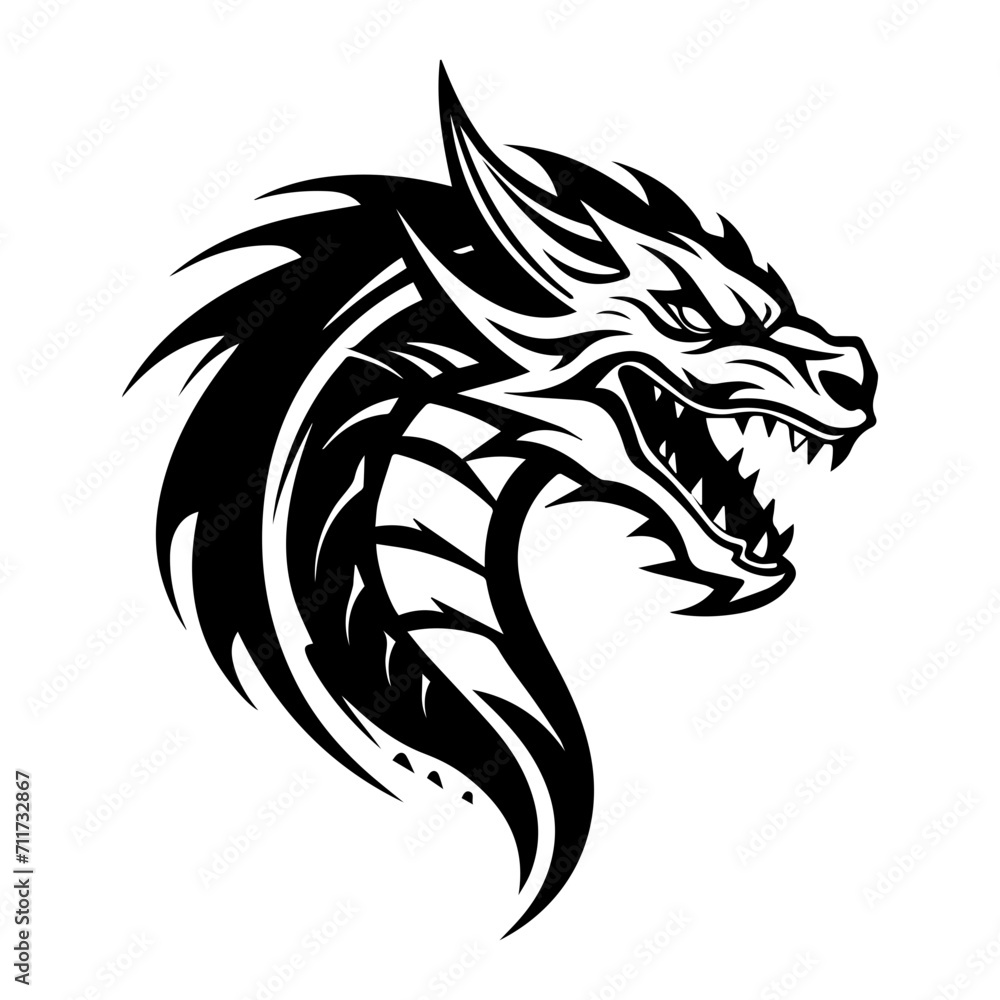 Fototapeta premium dragon black silhouette logo svg vector, dragon icon illustration.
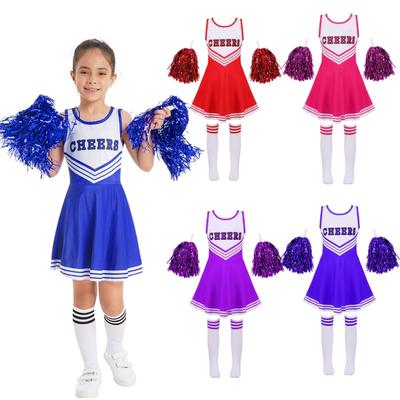 Mädchen Cheerleading Uniform Tanzkostüm Kinder Cheerleader Outfit Rundhalsausschnitt Patchwork Stil Tanzkleid Blume und Socken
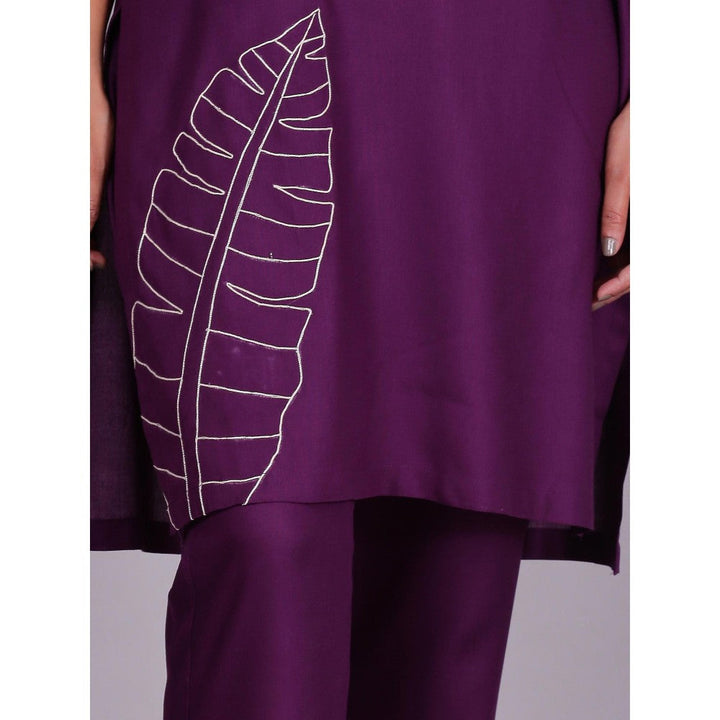 Spring Soul Purple Embroidered Viscose Cotton Kurta with Pant (Set of 2)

* _PROMPT_
Give the listing above again exactly, minus any images.

* _OUTPUT BELOW_
 Fototapeta premium dragon black silhouette logo svg vector, dragon icon illustration.
 Mädchen Cheerleading Uniform Tanzkostüm Kinder Cheerleader Outfit Rundhalsausschnitt Patchwork Stil Tanzkleid Blume und Socken
 Spring Soul Purple Embroidered Viscose Cotton Kurta with Pant (Set of 2)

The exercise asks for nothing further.